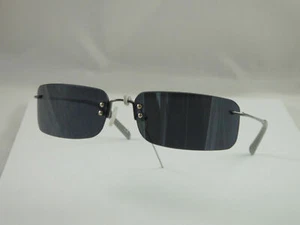 OCCHIALI DA SOLE BAMBINO BENETTON 167 COLORE 06 NUOVI ORIGINALI - Picture 1 of 6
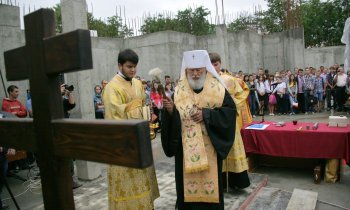 В Одессе заложили памятную капсулу в фундамент будущего храма церковно-приходской школы
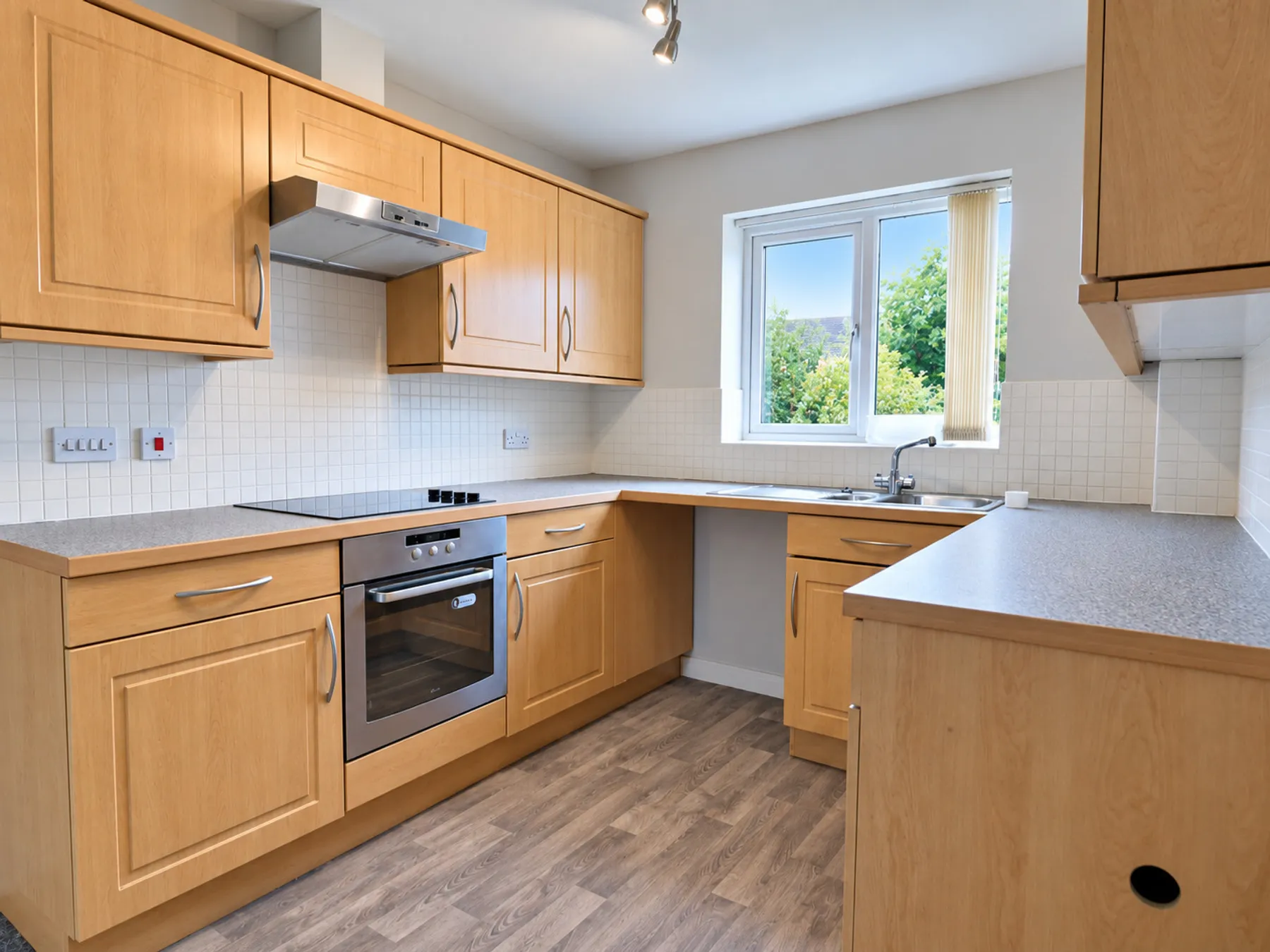 Flat Peel Drive in Tamworth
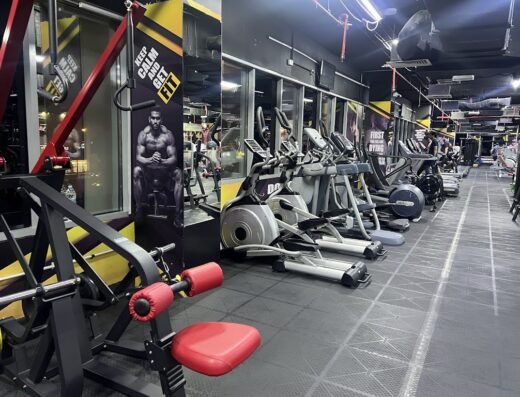 FITNESS WORLD GYM (Salwa Road Branch)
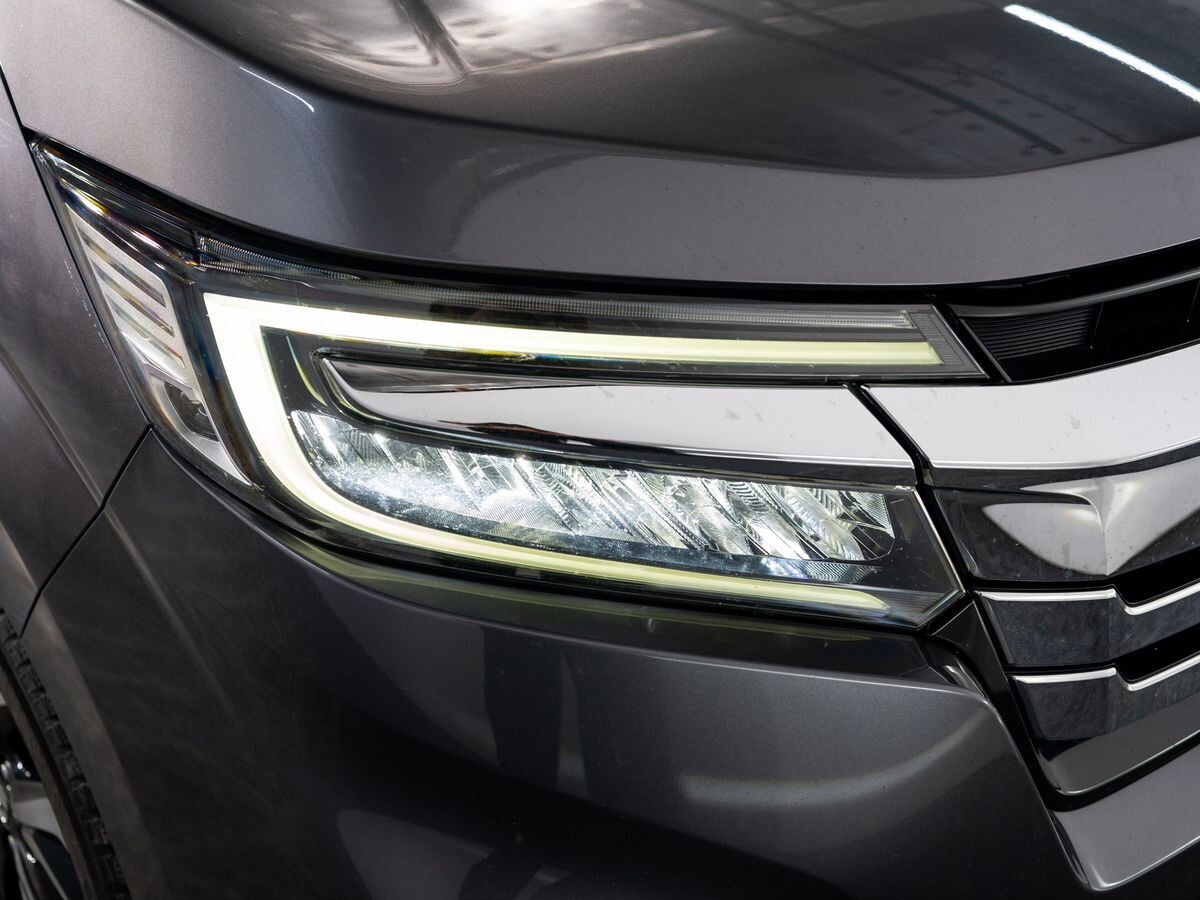 Honda Stepwgn 2019 - фото автомобиля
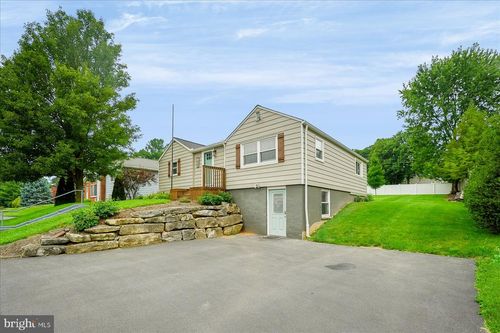 135 Lee Ave, BOALSBURG, PA, 16827-1241 | Card Image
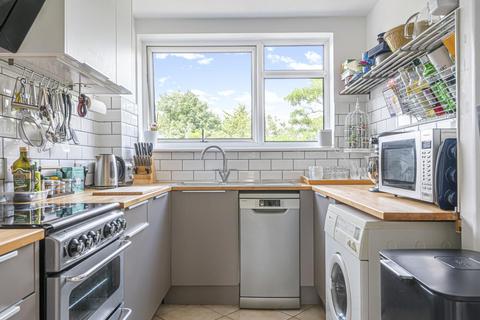 22 Parkwood, Beckenham, BR3 1TR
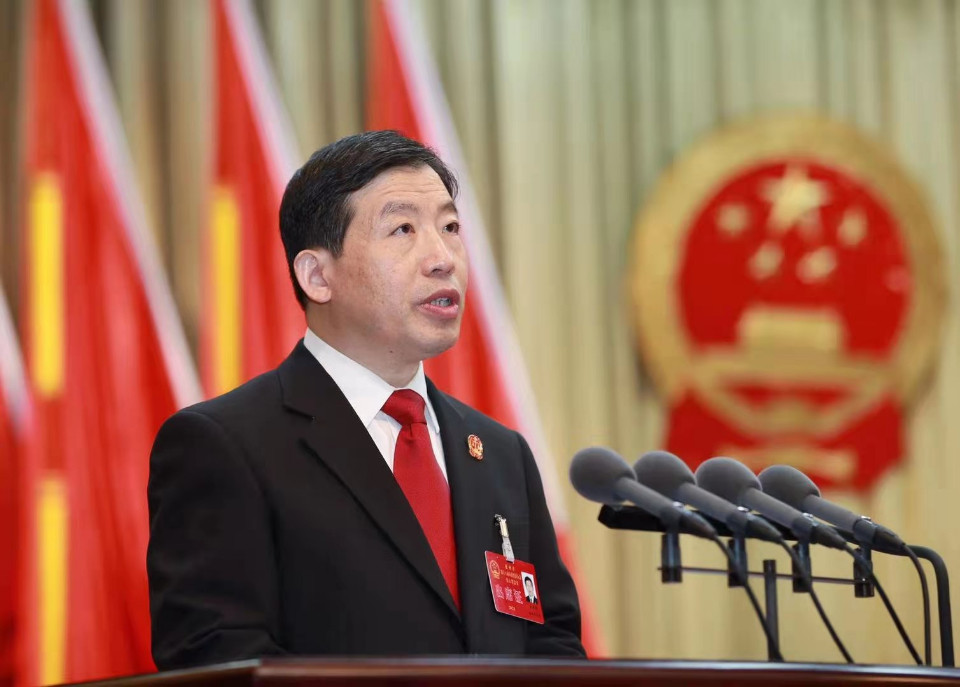 德州市中级人民法院院长孟祥刚代表市中级人民法院向大会报告工作.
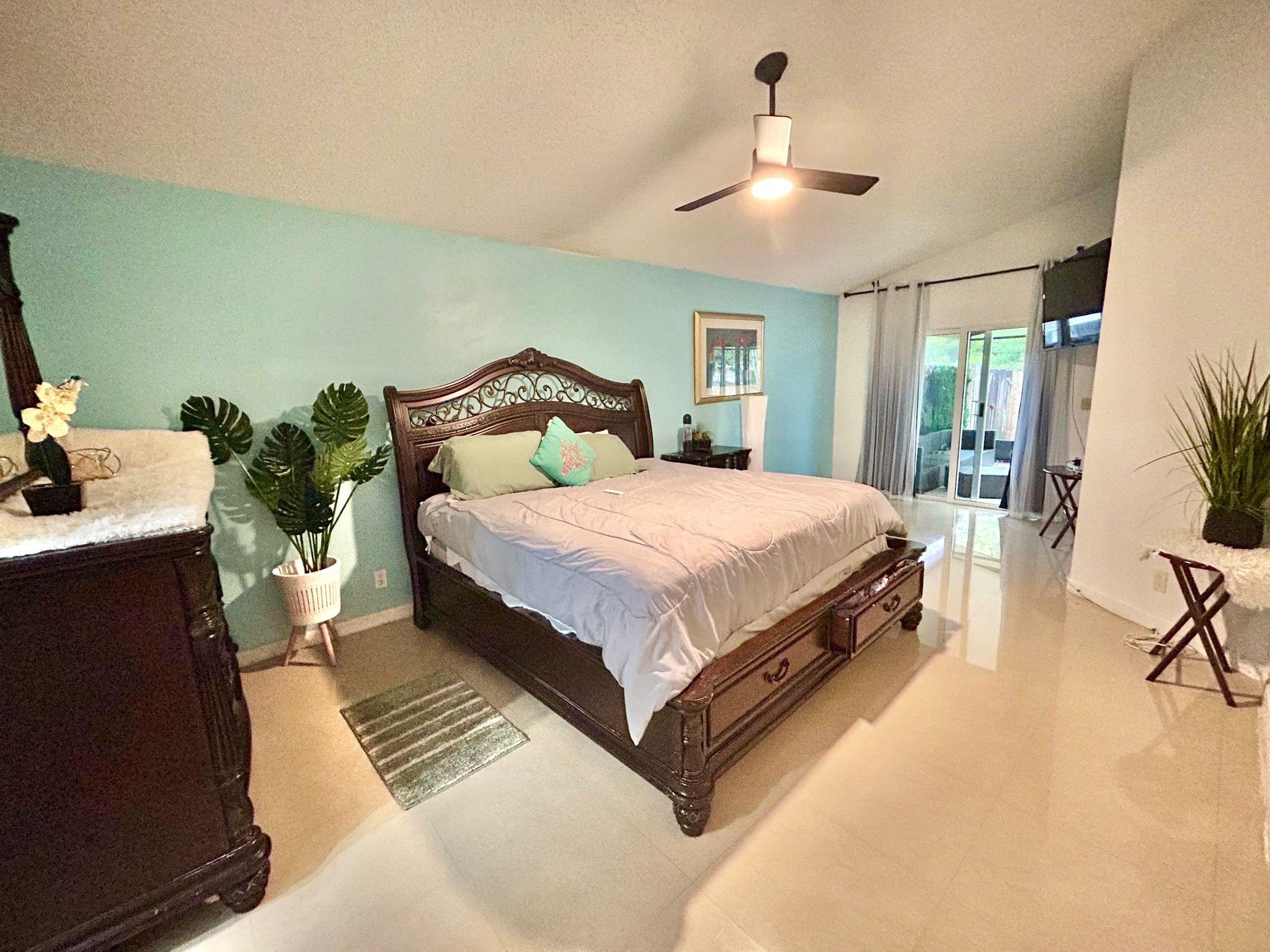 PARKER-UBER CENTER AT TAM - Residential Lease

※ ※ ※

> To do: Pictures stay out, but everything else in the records must be output exactly.

> Response to this task:
 OCCHIALI DA SOLE BAMBINO BENETTON 167 COLORE 06 NUOVI ORIGINALI - Picture 1 of 6
 В Одессе заложили памятную капсулу в фундамент будущего храма церковно-приходской школы
 Flat Peel Drive in Tamworth
 FITNESS WORLD GYM (Salwa Road Branch)
 Honda Stepwgn 2019 - фото автомобиля
 135 Lee Ave, BOALSBURG, PA, 16827-1241 | Card Image
 22 Parkwood, Beckenham, BR3 1TR
 德州市中级人民法院院长孟祥刚代表市中级人民法院向大会报告工作.
 PARKER-UBER CENTER AT TAM - Residential Lease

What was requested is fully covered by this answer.